Pour ce qui est d’Erdogan donc, pas vraiment de quoi s’alarmer. Mais qu’en est-il de la statue de Catherine II et de la pendule qui orne la cheminée du salon d’apparat ?

En effet, dans la salle où sont photographiés les deux présidents, une statue de l’Impératrice attire l’attention. Parmi de nombreuses réalisations et victoires militaires, la grande Catherine arracha la péninsule de Crimée, placée sous le joug ottoman depuis le XVe siècle à l’issue de la guerre russo-turque de 1787-1792. Elle y fonda la ville de Sébastopol en 1783. Mais ce n’est pas elle qui a conduit chacune des onze guerres russo-turques de l’histoire, la première datant de 1568…

La pendule est réalisée par le sculpteur russe Eugène Lanceray en 1880 complète le décor.

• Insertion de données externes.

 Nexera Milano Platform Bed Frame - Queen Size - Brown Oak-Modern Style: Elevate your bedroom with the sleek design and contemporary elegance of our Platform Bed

Elle illustre la campagne des Balkans (1877-78) où les Russes s’étaient portés au secours de leurs frères orthodoxes serbes, bulgares, grecs et monténégrins qui aspiraient à leur indépendance de l’Empire ottoman.

Dans les deux cas, Dmitri Peskov, le porte-parole du Kremlin fait la même réponse. Il s’agit d’une pure coïncidence et absolument pas d’une mise en scène destinée à impressionner Erdogan. Il est effectivement bien possible que ce dernier n’y ait pas vu malice. De fait, c’est bien la salle qui est utilisée pour les photographies avec les chefs d’Etat qui visitent le Kremlin. Sa décoration reflète en tout cas une chose, le goût pour l’Histoire et la continuité de l’Etat qui animent le président russe.